Grow Your Income illustrated book by Emily Wolstenholme.
It was when Florence Wilson was studying art at school that she realised she wanted to work in a creative field.
“I liked expressing myself in images and did photography for a long time before I decided on design,” she says. “Now I know I’m on the right path and am happy about it.”
For the past nine months she has worked at Interstate, an award-winning agency in west London. There she and several other talented designers and creatives work with
brands like Formula 1, Google and Porsche. It is a fertile environment for a young designer.
“There are so many people around me doing fantastic things every day and they all have their own personal styles that inspire me a lot.”
One of the reasons why she is where she is, is Iggesund. One day the Swedish company came to her university and gave the design students there a brief. Using Invercote, they had to redesign a packaging for a global brand and make it local. Wilson, who is from Greenwich in London, submitted a design based on a game with letters.
“Greenwich is known for two things: the National Maritime Museum and Greenwich Mean Time. So I took the UK brand Marmite, rearranged the letters to spell Maritime, and illustrated a new label with influences from both the sea and clocks. It was a subtle change to the company name but everyone laughed when they saw the new logo.”

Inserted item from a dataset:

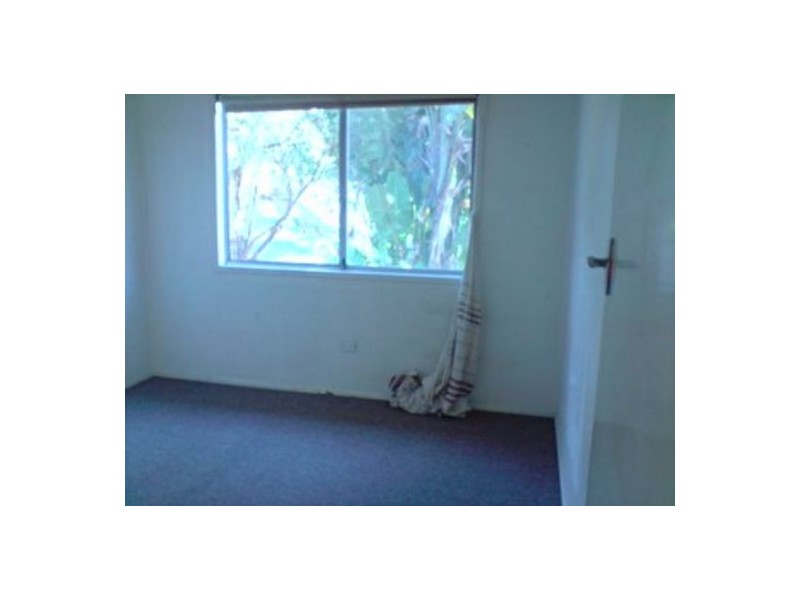 9 Claverton Street, Woodridge QLD 4114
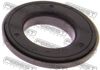 Фото Опорные подшипники MAZDA 626 GF 97-02 Febest MZB001 Febest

The playful and seemingly simple idea became so popular that it won the People’s Choice category at the Solutions Awards. It was a good addition to a CV and a small step towards her great dream: to change the world with her design.
“What I want most of all is to work with brands that really make a difference and improve the planet. I think that doing good and helping the environment is the big dream of many designers.”
Florence Wilson’s take on the UK brand Marmite.